***** Exercise inputs *****

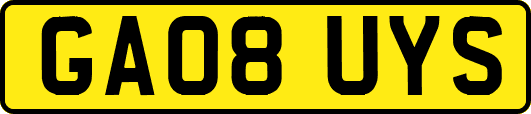 GA08UYS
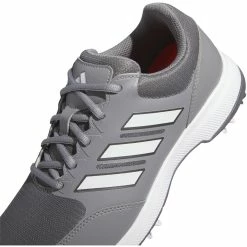 ADIDAS Men's Tech Response 3.0 Golf Shoes -Golf Bag Sales adidas tech response 3 golf shoes grey four white grey three 04 54946.1677008885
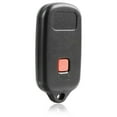thumbnail image 3 of KeylessOption replacement for 1999-2009 Toyota 4Runner 2001-2007 Sequoia 89742-35021 3-button Remote Key Fob, 3 of 5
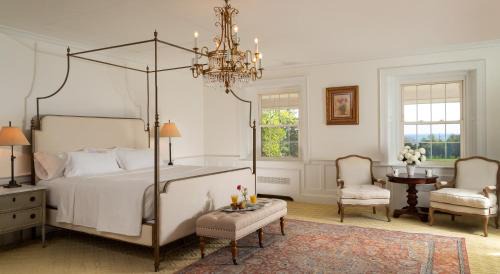 Tracys Landing Cama Y Desayuno | The Inn at Tacaro Estate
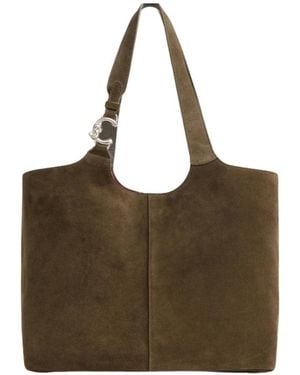 Coccinelle Shopping Bags - Brown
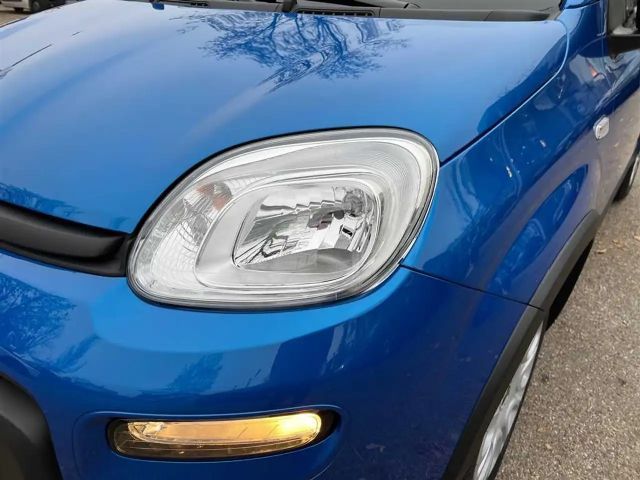 Fiat Panda Hybrid *Klima* *PDC* *digitaler Tacho* uvm.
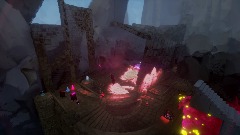 Remaster of Deadly dungeon (2020)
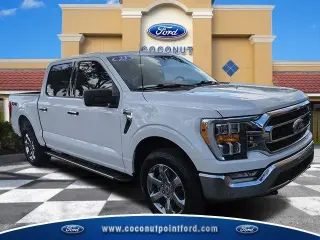 Ford F-150 2023 4x4 XLT 4p SuperCrew 5.5 pies CB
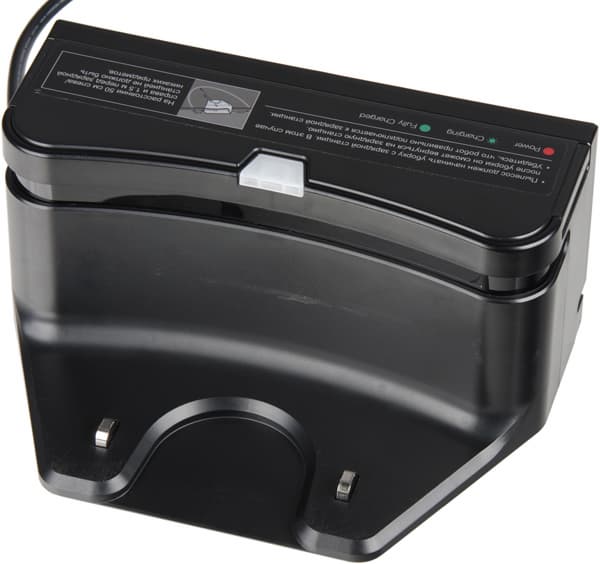 Робот-пылесос iClebo Arte, база Робот-пылесос iClebo Arte, база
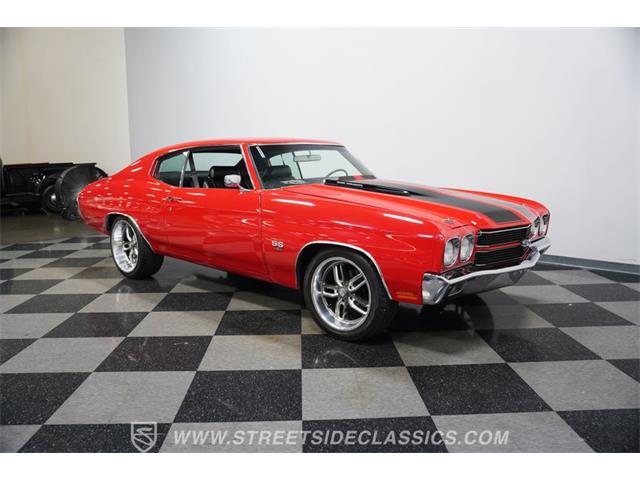 1970 Chevrolet Chevelle (CC-2100736) for sale in Lavergne, Tennessee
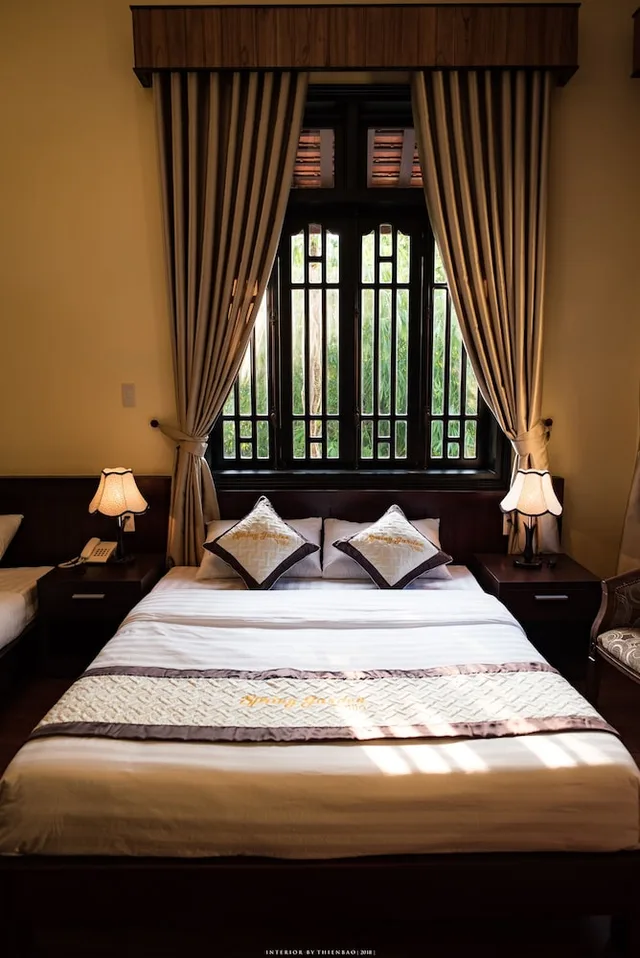 Superior, Triple, 1 Queen and 1 Single Bed, Balcony, Spring Garden Villa 9/10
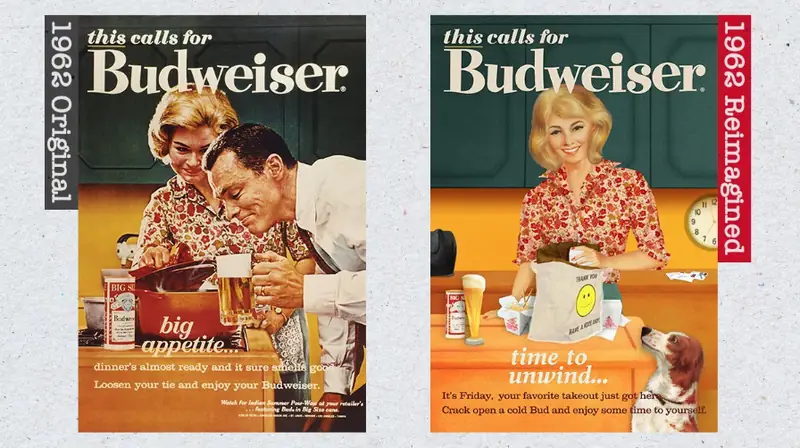 Budweiser/ Facebook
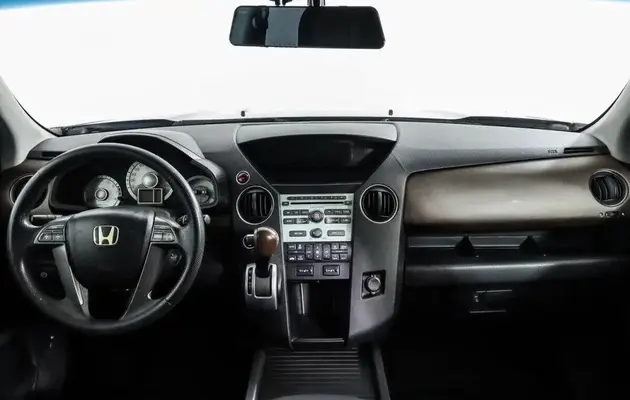 Honda Pilot, фото №6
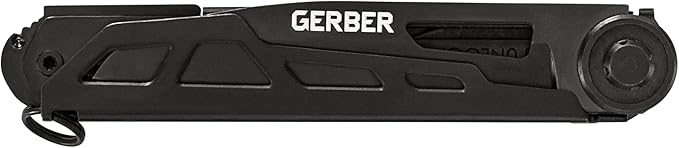 Gerber Gear Armbar Slim Drive, Pocket Knife Multitool with Screwdriver, Burnt Bronze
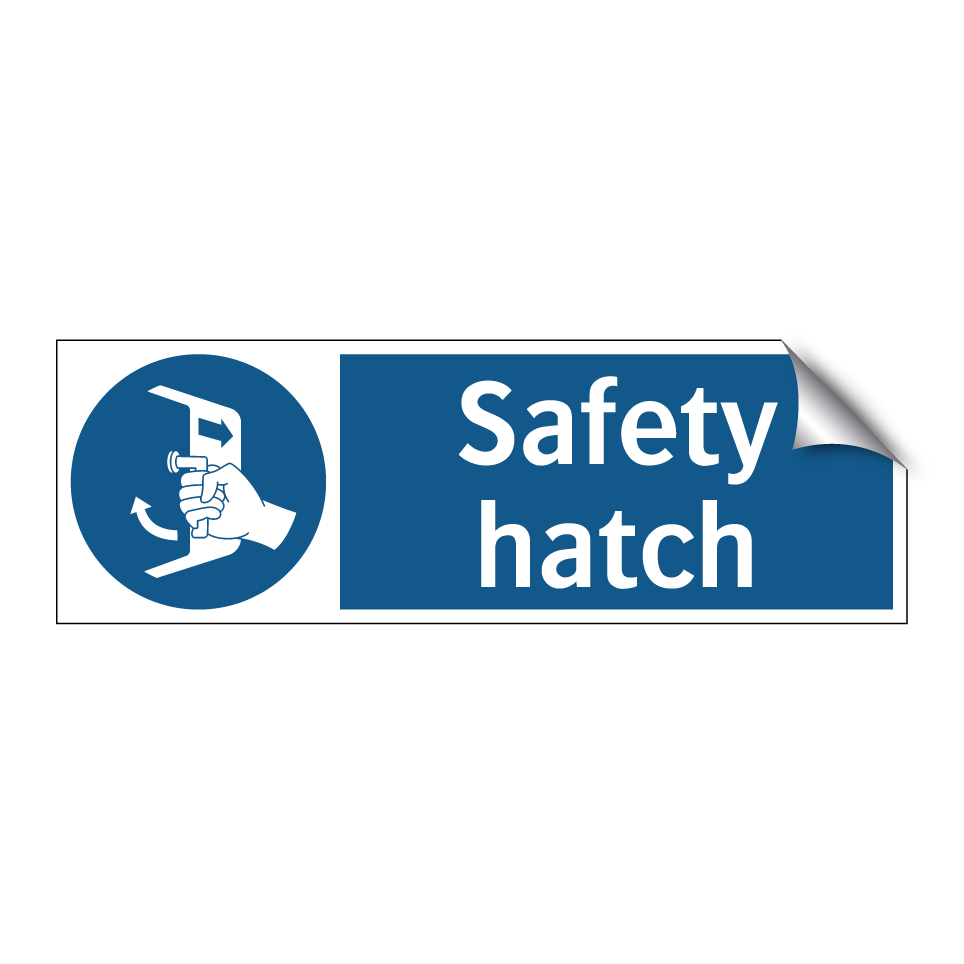 Safety hatch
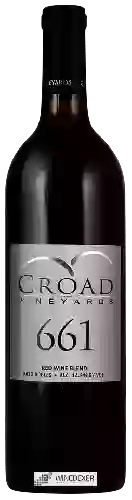 Winery Croad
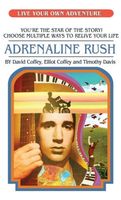 Cover of Adrenaline Rush by Timothy Davis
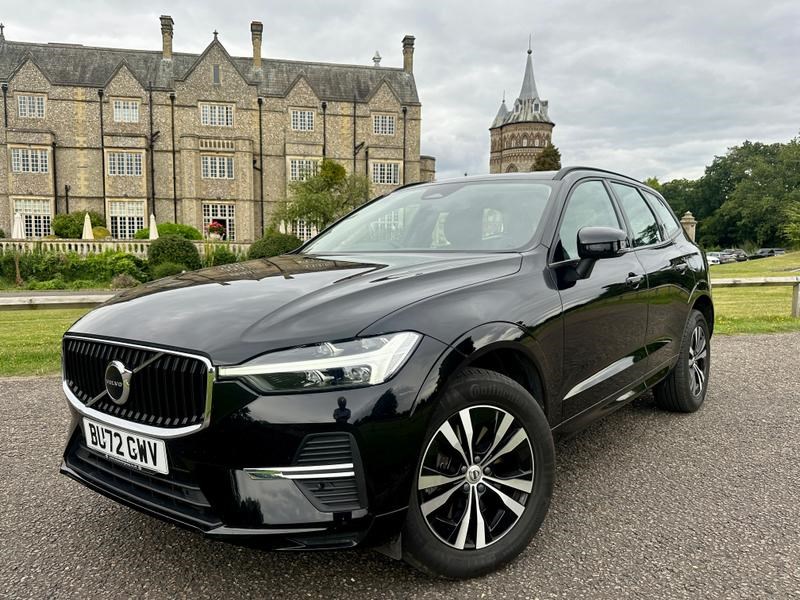 Volvo XC60 Listing Image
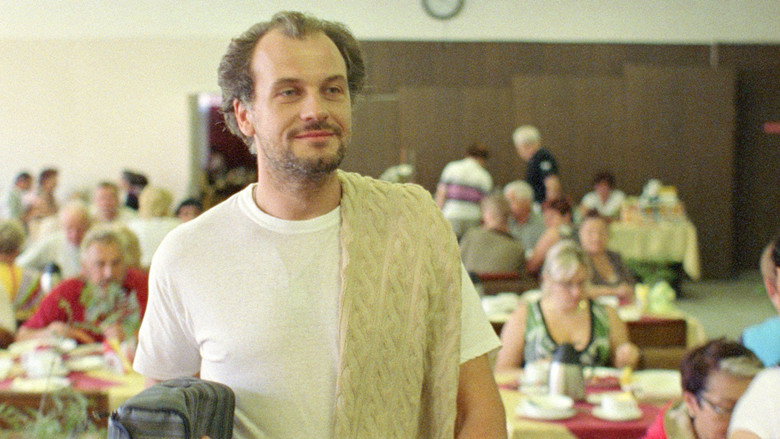 Frame from Seržanta Lapiņa atgriešanās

*****

Task description » The pictures stay out; please reproduce everything else in the entries exactly.

Solution »
 GA08UYS
 ADIDAS Men's Tech Response 3.0 Golf Shoes -Golf Bag Sales adidas tech response 3 golf shoes grey four white grey three 04 54946.1677008885
thumbnail image 3 of KeylessOption replacement for 1999-2009 Toyota 4Runner 2001-2007 Sequoia 89742-35021 3-button Remote Key Fob, 3 of 5
 Tracys Landing Cama Y Desayuno | The Inn at Tacaro Estate
 Coccinelle Shopping Bags - Brown
 Fiat Panda Hybrid *Klima* *PDC* *digitaler Tacho* uvm.
 Remaster of Deadly dungeon (2020)
 Ford F-150 2023 4x4 XLT 4p SuperCrew 5.5 pies CB
 Робот-пылесос iClebo Arte, база Робот-пылесос iClebo Arte, база
 1970 Chevrolet Chevelle (CC-2100736) for sale in Lavergne, Tennessee
 Superior, Triple, 1 Queen and 1 Single Bed, Balcony, Spring Garden Villa 9/10
 Budweiser/ Facebook
 Honda Pilot, фото №6
 Gerber Gear Armbar Slim Drive, Pocket Knife Multitool with Screwdriver, Burnt Bronze
 Safety hatch
 Winery Croad
 Cover of Adrenaline Rush by Timothy Davis
 Volvo XC60 Listing Image
 Frame from Seržanta Lapiņa atgriešanās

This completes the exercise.